▶ _How to complete this task_
Only the pictures should be left out; repeat the rest of the data exactly.

▶ _Provided information_
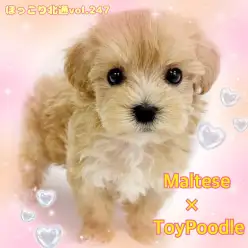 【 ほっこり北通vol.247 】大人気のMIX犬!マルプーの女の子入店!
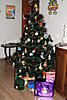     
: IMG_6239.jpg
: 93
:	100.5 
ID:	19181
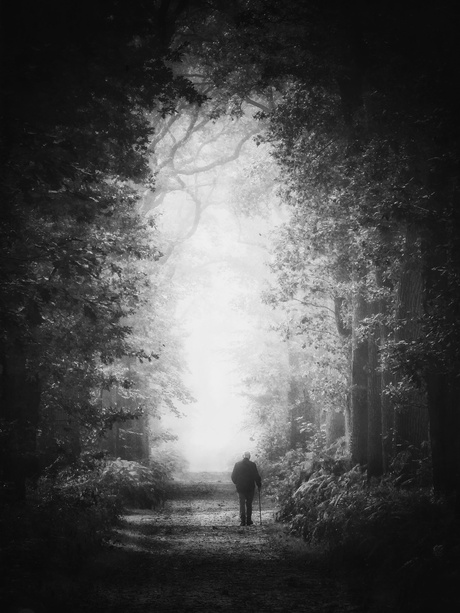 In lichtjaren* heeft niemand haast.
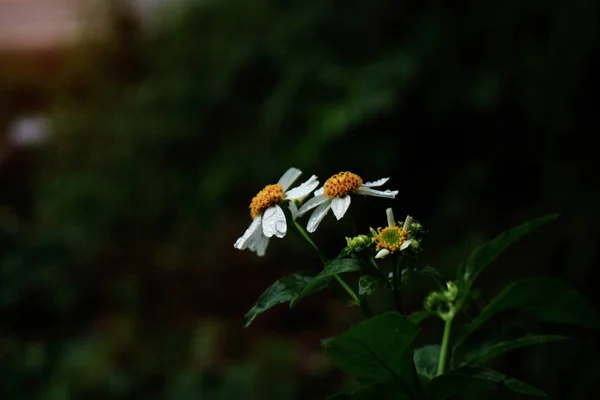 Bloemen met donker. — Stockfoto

▶ _Your response_
 【 ほっこり北通vol.247 】大人気のMIX犬!マルプーの女の子入店!
: IMG_6239.jpg
: 93
:	100.5 
ID:	19181
 In lichtjaren* heeft niemand haast.
 Bloemen met donker. — Stockfoto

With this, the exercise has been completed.